Another major problem with these techniques is that they do not report on the goodness-of-fit of the model [20]. In a vast majority of cases, the models focus mainly on the significance of the variables and do not provide a value that assesses the goodness-of-fit of the regression. Nonetheless, the assumption of providing goodness-of-fit does not preclude the model from being generalizable.

One solution to provide a proof that our model generalizes correctly is through resampling techniques [21] either with an external sample or with bootstrapping techniques.

Combining multivariate regression with propensity score analysis is another widespread technique [22]. However, although these techniques attempt to alleviate possible causal problems, they do not solve the aforementioned problems and are not free of controversy [23].

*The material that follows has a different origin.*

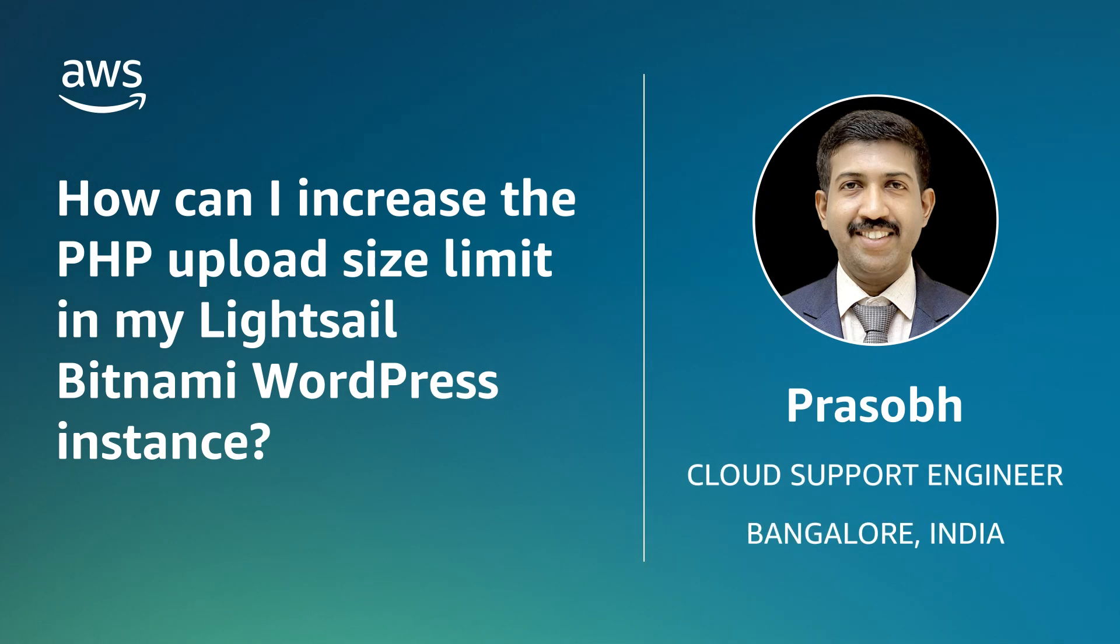Hello, I am Prashob, a cloud support engineer here at the AWS office in Bangalore, India.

An alternative to find predictors is to apply machine learning models. Recent interest exists in applying machine learning techniques to clinical research, and cardiology is no exception [24].

Most machine learning applications applied to medicine are focused on trying to enable the physician to spend more time with the patient by eliminating routine tasks such as semi-automated labeling clinical reports [25] or assisting in the segmentation of medical images [26]. It is worth noting that the most successful applications are those in which human–machine interaction is part of the system [27]. However, in the case of precision medicine, machine learning techniques may not be entirely clear and can be misleading [28]. An example is the multitude of publications on the prediction of COVID-19 in medical imaging that have appeared in recent years and do not yield clear results or predictors [29].

Another drawback of thrombus analysis after atrial appendage closure is its low prevalence. This factor greatly affects the results reported with both classical statistical and machine learning methods. As discussed above for classical statistical techniques, one of the approaches to this problem is through resampling techniques [30]. However, in the case of machine learning, boosting and bagging techniques can be added [31].

Finally, the clinical databases available for this type of analysis are usually relatively small (~10³ cases) compared to those where machine learning is most effective (~10⁶ cases). In this context, and by combining the treatment of non-large databases with resampling techniques, steps have been taken towards a consistent clinical machine learning methodology [32,33].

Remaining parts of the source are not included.